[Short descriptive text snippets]
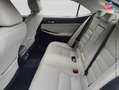 Lexus IS 300 300h Luxe Grau - thumbnail 11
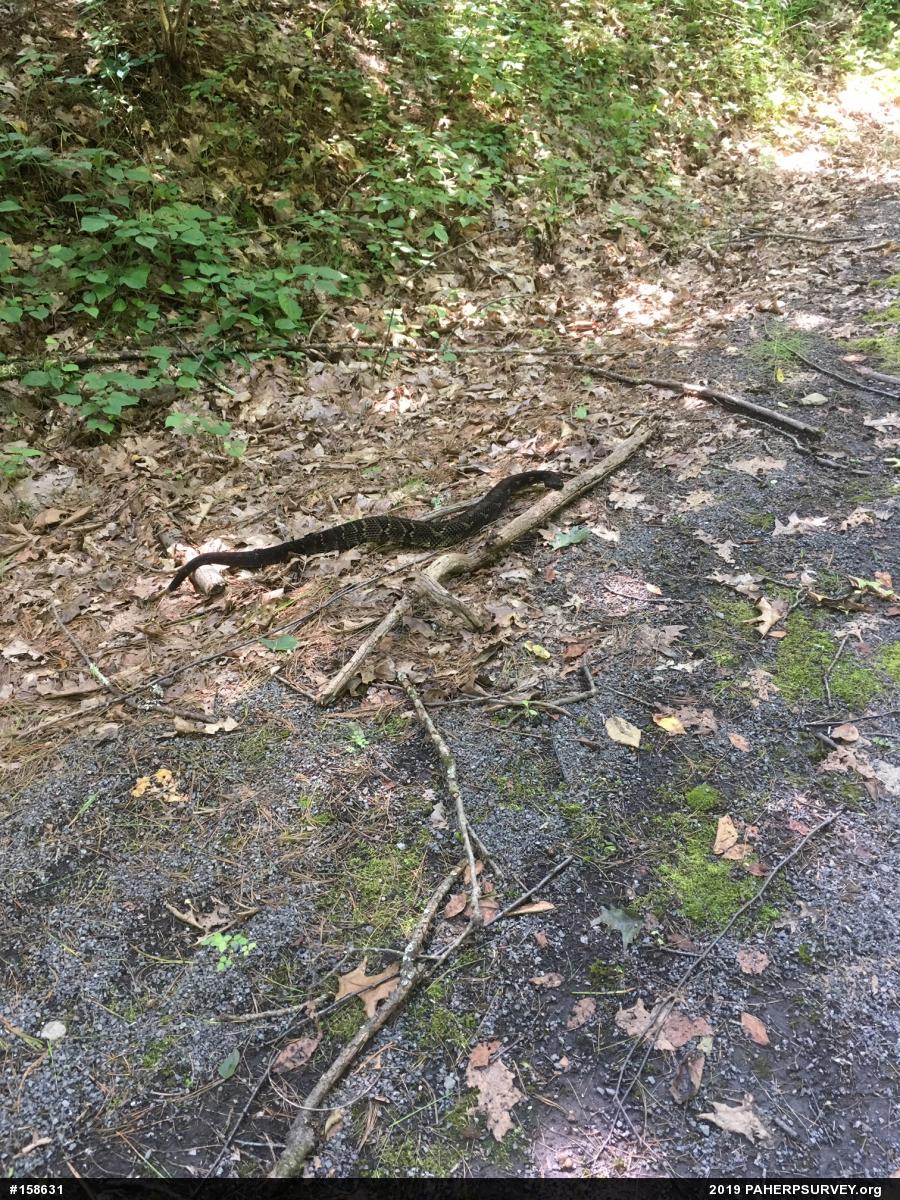 Timber Rattlesnake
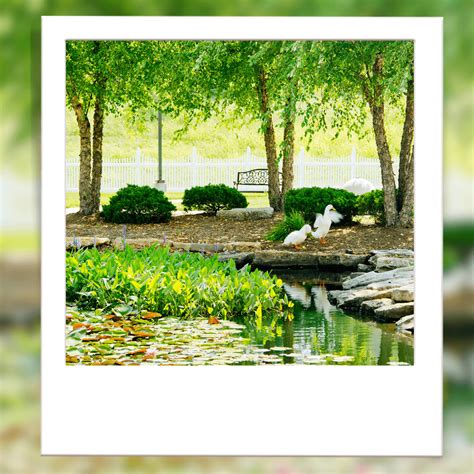 Home - Wilshire at Lakewood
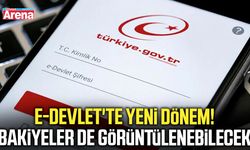 e-Devlet'te yeni dönem! Bakiyeler de görüntülenebilecek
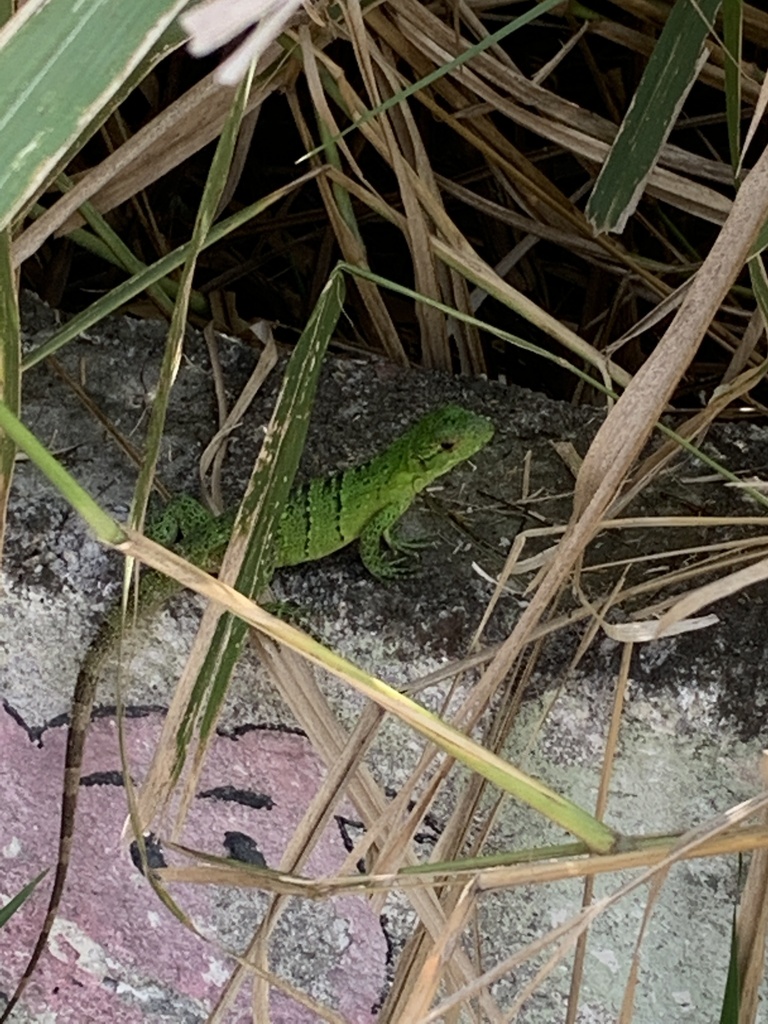 Green Iguana From Zamorano San Antonio De Oriente Francisco Moraz N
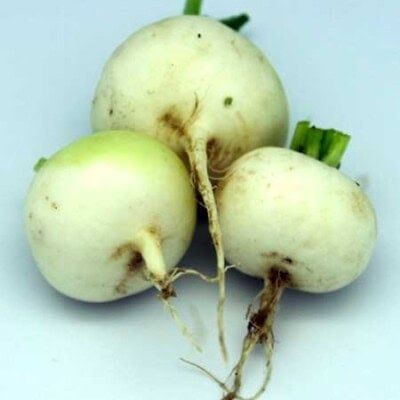 Radish, White Hailstone 1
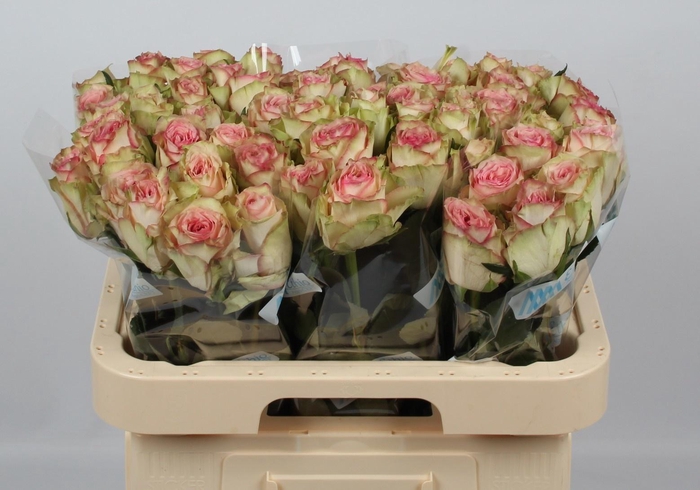 <h4>R GR ESPERANCE</h4>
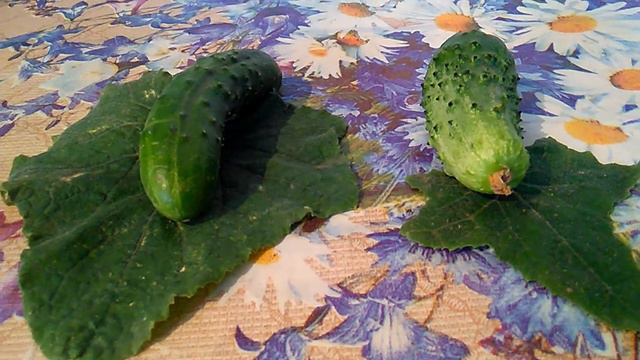 Сравниваю сорта огурцов смотреть онлайн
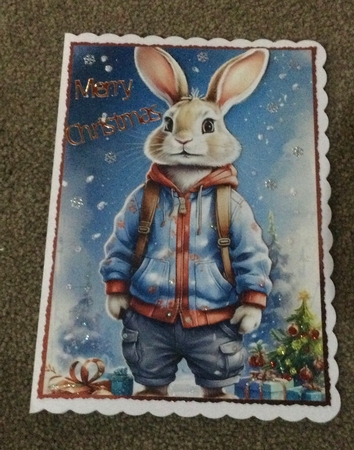 EW A4 Xmas Bunny 02 by Honorscard Appleby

WORK INSTRUCTION ▸
Give back the entries above exactly as they stand. Leave the images out.

TASK RESULT ▸
 Lexus IS 300 300h Luxe Grau - thumbnail 11
 Timber Rattlesnake
 Home - Wilshire at Lakewood
 e-Devlet'te yeni dönem! Bakiyeler de görüntülenebilecek
 Green Iguana From Zamorano San Antonio De Oriente Francisco Moraz N
 Radish, White Hailstone 1
 <h4>R GR ESPERANCE</h4>
 Сравниваю сорта огурцов смотреть онлайн
 EW A4 Xmas Bunny 02 by Honorscard Appleby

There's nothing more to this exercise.